Among elected Republicans working to put a chasm between themselves and the party’s standard-bearer, Kirk has been at the vanguard.

The one-term senator fighting to hold onto the seat once held by President Obama was the first to “un-endorse” Trump – in early June – following the nominee’s ethnically charged criticism of the judge in a Trump University court case. He’s called Trump “too bigoted” and “too racist” for the job.

And Kirk was the first GOP senator to run an anti-Trump television ad, saying “Mark Kirk bucked his party to say Donald Trump is not fit to be commander-in-chief.”

Whether the efforts are enough to retain the support of blue-state voters who elevated him to the Senate in 2000 remains to be seen.

The Duckworth campaign has questioned Kirk’s motivations for bucking Trump – claiming he only dropped his support after Duckworth called him out – and whether the anti-Trump rhetoric is doing him much good.

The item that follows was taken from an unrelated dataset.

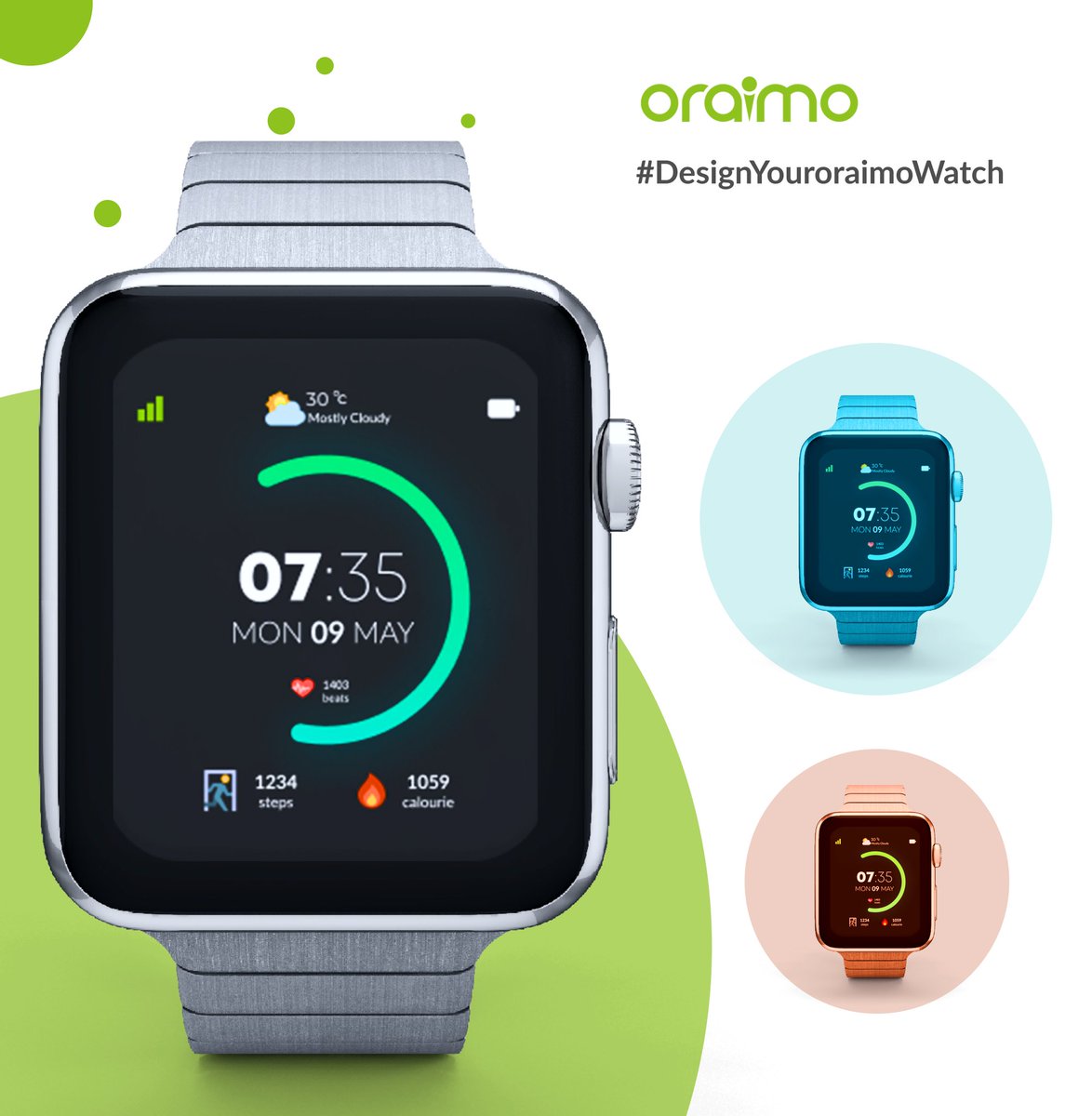 For the love of Design 😍
For the love of smart watch 
For the love of <a href="/OraimoMate/">oraimomate</a>
I Designed a face watch 😌😌..
My Design Entry #designyouroraimowatch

“There is no empirical evidence to back up any claim that Kirk is even benefiting from disassociating himself from Trump – I’d say on the contrary, Kirk is losing this race on his own merits,” Duckworth campaign spokesman Matt McGrath told Fox News.

But Kirk campaign manager Kevin Artl defended the candidate’s stance.

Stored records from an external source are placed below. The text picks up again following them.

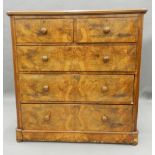 A Victorian burr walnut chest of drawers. 117 cm wide, 120.5 cm high, 53 cm deep.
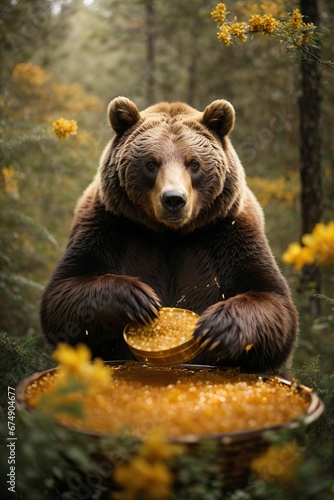 a bear in the forest eating honey in a honeycomb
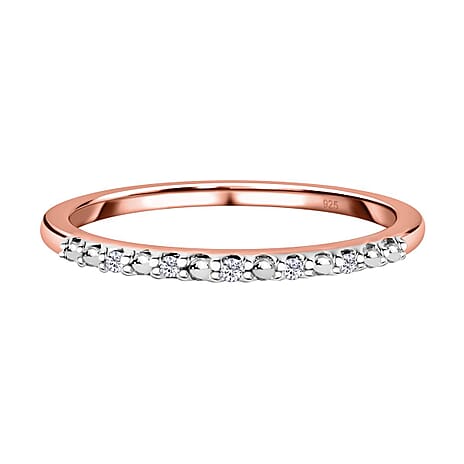 Diamond Half Eternity Ring in Rose Gold Overlay Sterling Silver 0.05 Ct.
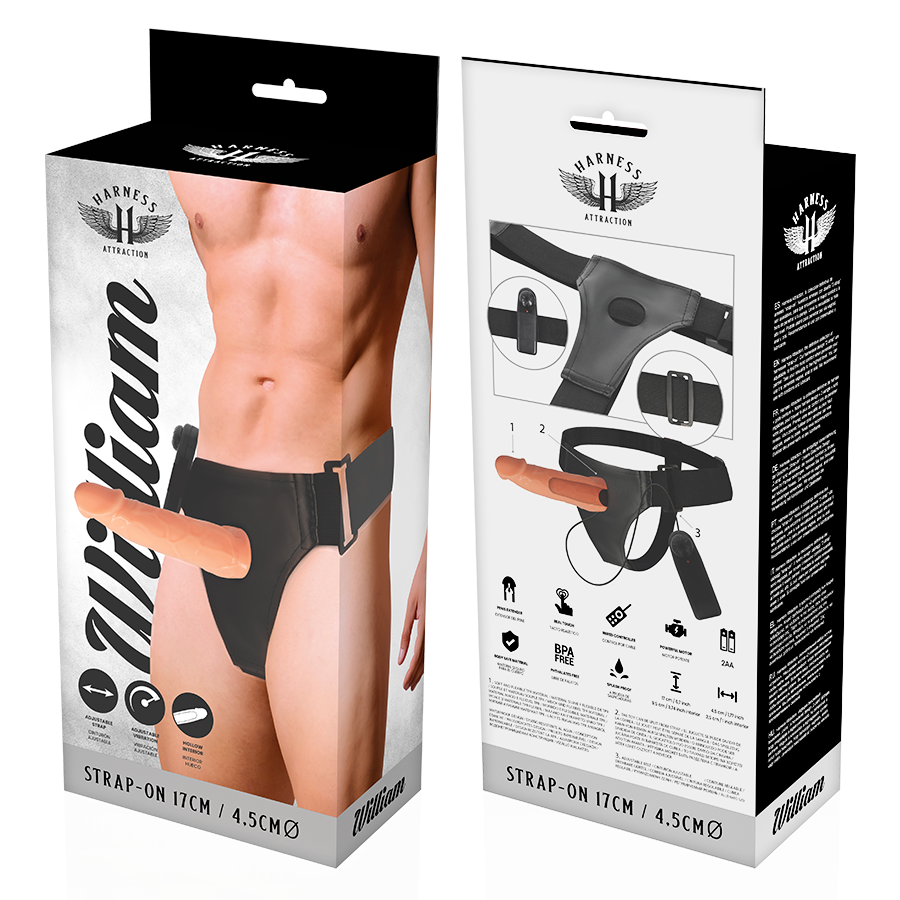 HARNESS ATTRACTION - WILLIAN HOLLOW RNES WITH VIBRATOR 17 CM -O- 4.5 CM - 2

“Senator Kirk believes that Donald Trump does not have the temperament or judgment to be our nation’s commander-in-chief,” he said.

The race is considered very tight. One poll released in July from Republican-aligned Basswood Research showed Kirk edging Duckworth by a little over a point.

Kirk isn’t holding back on his criticism of the sitting president, either. In an interview published in The State Journal Register over the weekend, Kirk hit the Obama administration for the delivery of a $400 million payment to Tehran, which critics have described as “ransom” for four American prisoners. Kirk said Obama was acting like “the drug dealer-in-chief.”

Meanwhile, the senator is balancing his criticism in the campaign with highlights of his own record in office.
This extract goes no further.